Copy the listing that follows exactly. Its pictures do not belong in the copy.
━━━ PROVIDED DATA
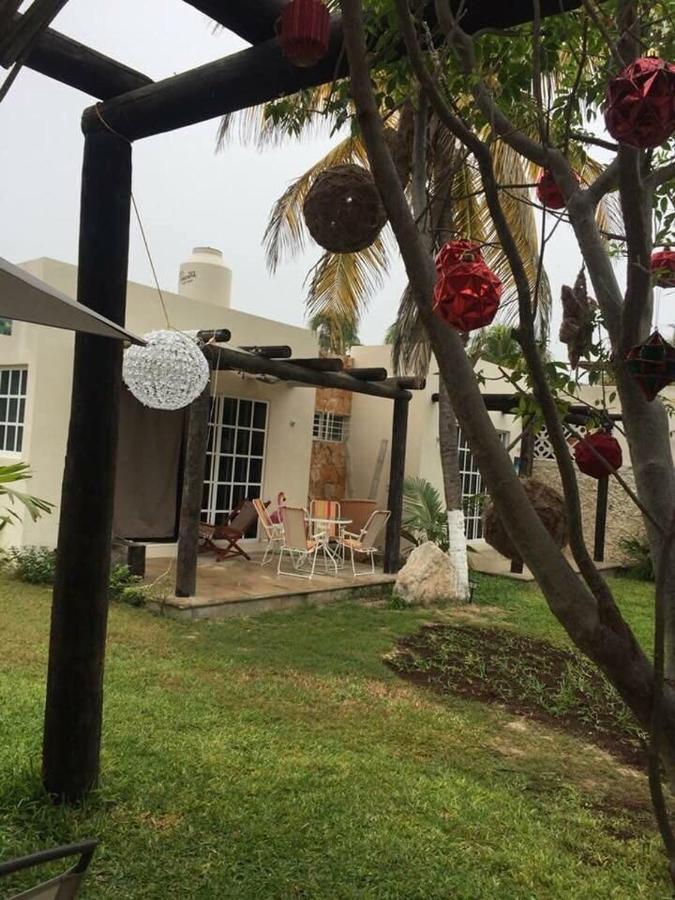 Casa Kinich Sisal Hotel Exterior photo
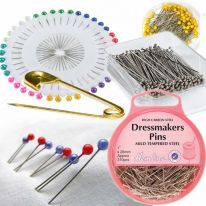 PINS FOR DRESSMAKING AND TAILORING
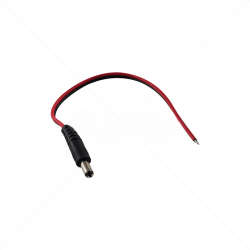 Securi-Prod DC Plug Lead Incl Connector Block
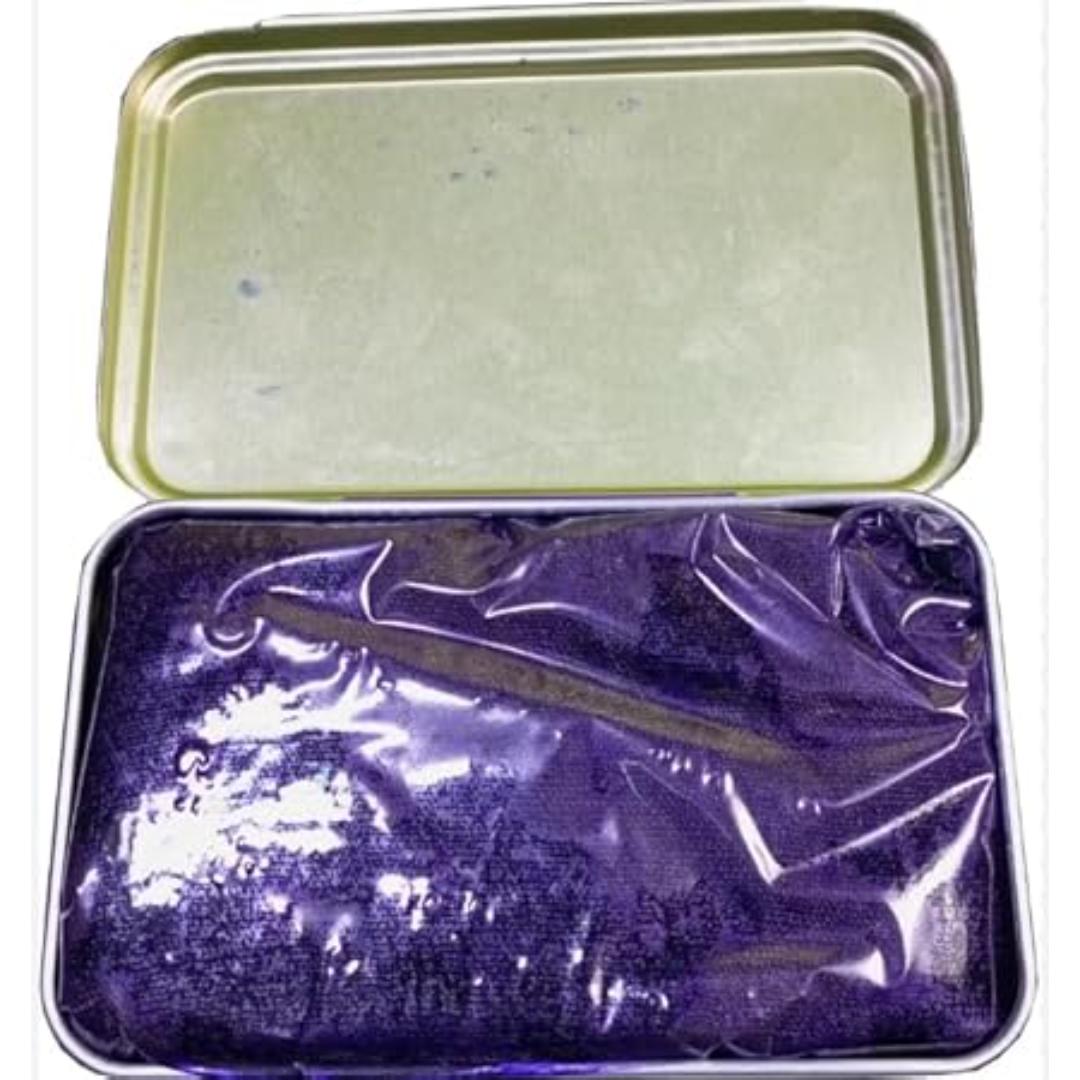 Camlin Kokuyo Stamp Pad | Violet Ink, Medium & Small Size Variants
━━━━━━
### WRITTEN ANSWER
 Casa Kinich Sisal Hotel Exterior photo
 PINS FOR DRESSMAKING AND TAILORING
 Securi-Prod DC Plug Lead Incl Connector Block
 Camlin Kokuyo Stamp Pad | Violet Ink, Medium & Small Size Variants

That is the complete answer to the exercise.